→ SOURCE DATA:
▬▬▬▬▬▬
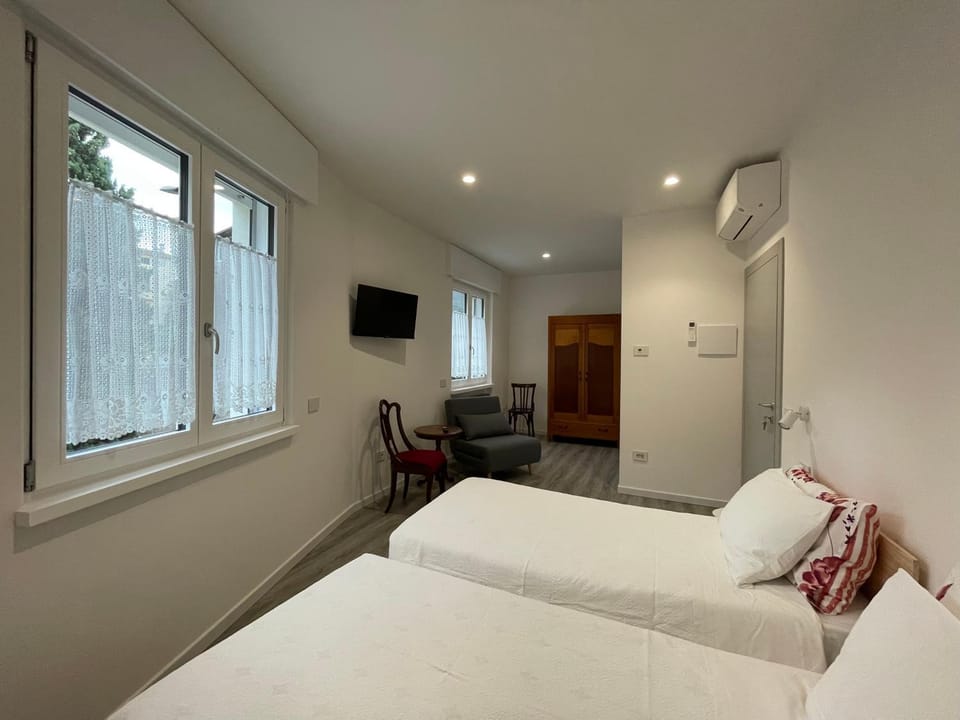 Bed, TV and multimedia, Photo of the whole room, Bedroom, wardrobe, air conditioner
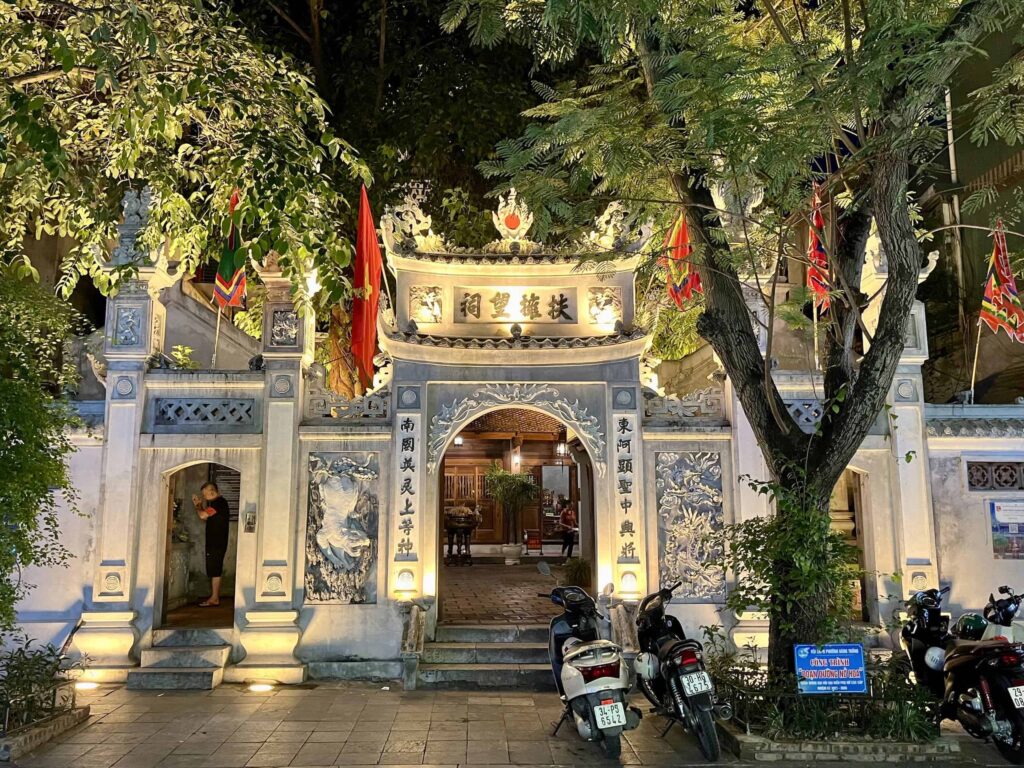 Hanois Altstadt: Die besten Sehenswürdigkeiten und Tipps 6 Ein beleuchteter Tempel nachts im Hanoi Old Quarter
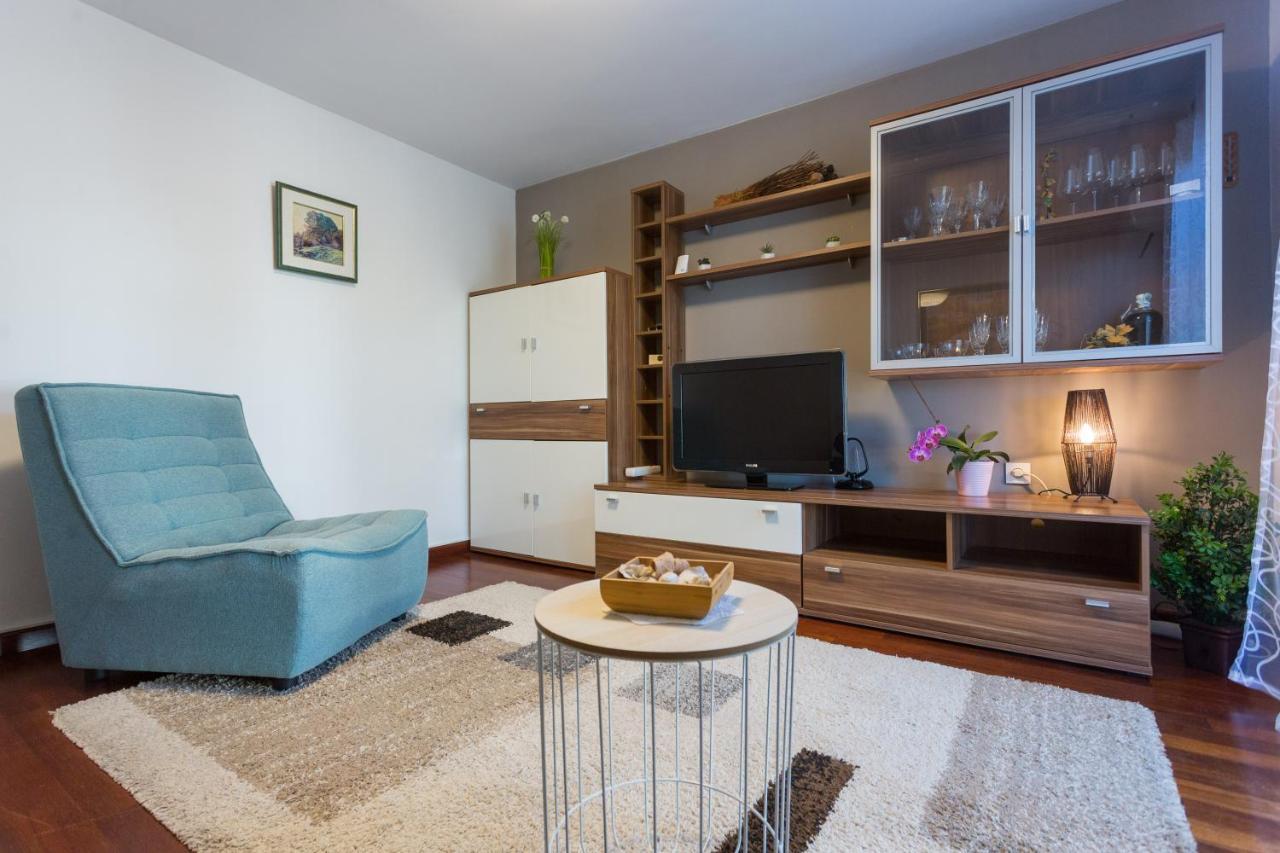 Apartments Lidija - Sea View Apartment With Exclusive Right Of Using Hot Tub Or Split Level Apartment With Exclusive Right Of Using Pool 포드스트라나 외부 사진
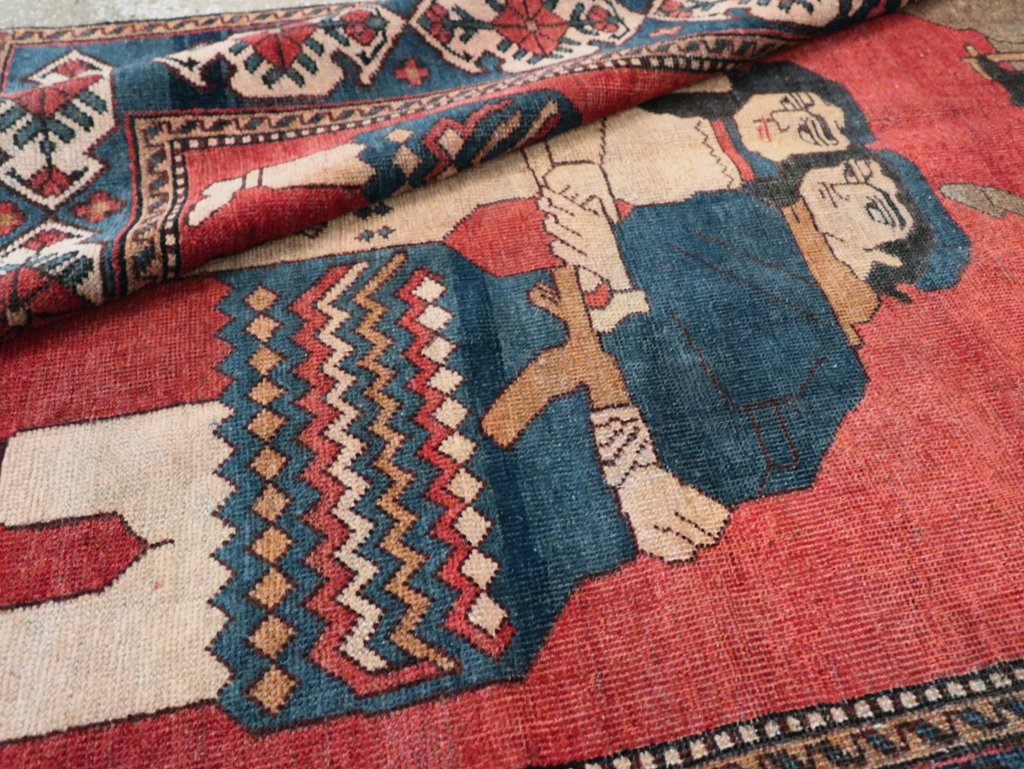 Vintage Persian Pictorial Bakhtiari Accent Rug, No.29295 - Gss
▬▬▬▬▬▬
Copy out the whole listing word for word, except for any picture it includes.

 Bed, TV and multimedia, Photo of the whole room, Bedroom, wardrobe, air conditioner
 Hanois Altstadt: Die besten Sehenswürdigkeiten und Tipps 6 Ein beleuchteter Tempel nachts im Hanoi Old Quarter
 Apartments Lidija - Sea View Apartment With Exclusive Right Of Using Hot Tub Or Split Level Apartment With Exclusive Right Of Using Pool 포드스트라나 외부 사진
 Vintage Persian Pictorial Bakhtiari Accent Rug, No.29295 - Gss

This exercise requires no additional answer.